Attentive leaders in government and business continue to fret over America’s sluggish productivity growth. Labor productivity in the U.S. non-farm business sector actually fell in the first quarter of this year, and from 2011 through 2015 it grew at an annual average of only about 0.5%—the worst such five-year stretch since at least 1947.
At that meager rate, average U.S. living standards would take 139 years to double because poor productivity growth feeds directly into poor growth in incomes. The latest Employment Situation report, released Friday morning, showed that average hourly earnings for all U.S. employees rose in June by … two pennies.
Boosting productivity should be among the highest policy goals. Washington could strengthen productivity with smarter policies, but unfortunately America’s policy retrograde continues with too much talk and too little proper action. Exhibit A? The recent SelectUSA Investment Summit at the Washington Hilton Hotel.
This summit, “the highest-profile event promoting foreign direct investment (FDI) in the United States,” was the third such conclave since the president’s 2011 sound pro-FDI executive order.
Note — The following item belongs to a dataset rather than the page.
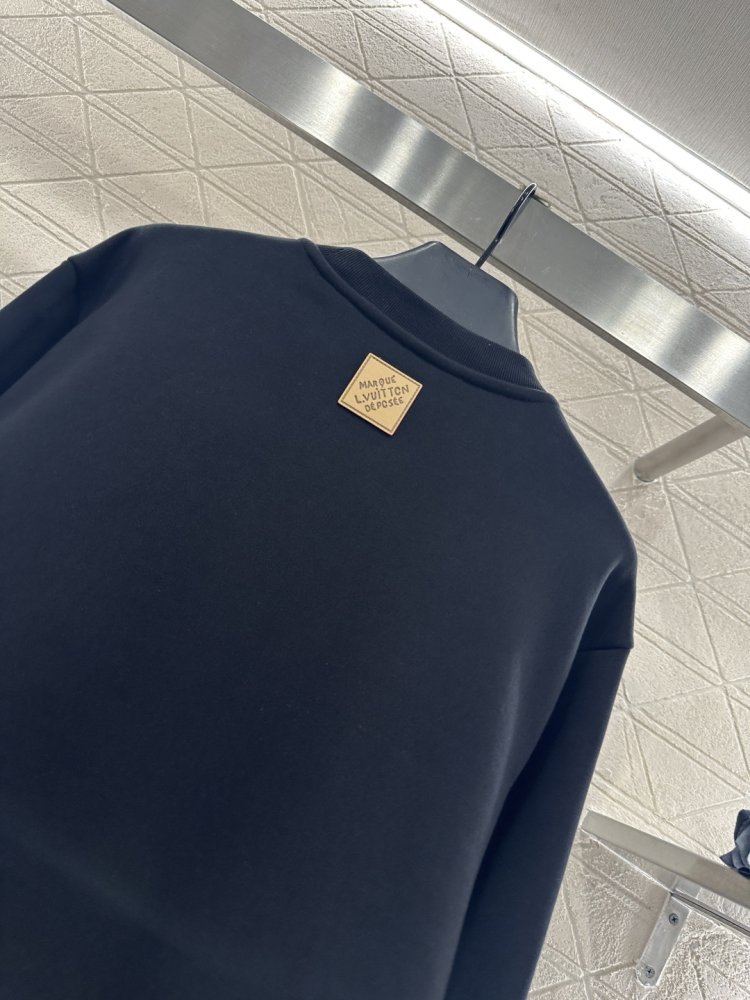 Толстовка фото 8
Among the packed agenda of discussion panels and breakouts, plenary speakers included President Obama and five Cabinet-level officials.
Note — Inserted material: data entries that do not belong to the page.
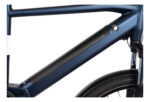 Bicyklet Raymond Bleu Matt Night – Image 5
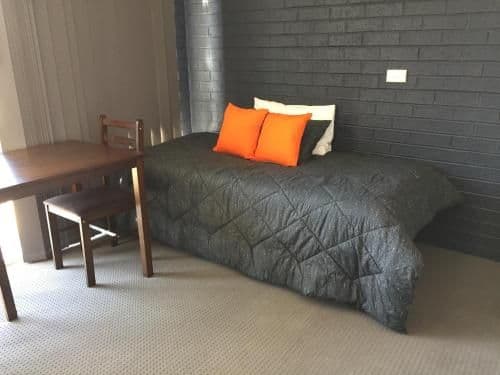 Triple Room with Bathroom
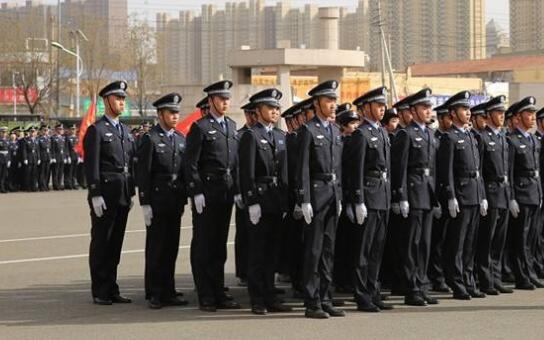 內蒙古警察職業學院成人高考簡章【含最新專業】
All fine and good. But are current policy actions matching the words of the summit?
Sadly, no. In its scramble to stop corporate inversions, the Treasury Department is proposing to upend decades of established practice and case law in a way that will chill global companies’ interest in America.
On April 4 Treasury proposed a new set of regulations under Internal Revenue Code Section 385 that would grant the Internal Revenue Service latitude to reclassify inter-company debt as equity investment in the borrower. Last Thursday was the deadline for companies to comment to Treasury on these proposed regulations; this coming Thursday Treasury is planning to hold a hearing on all this, after which all indications are Treasury will finalize its intentions very quickly.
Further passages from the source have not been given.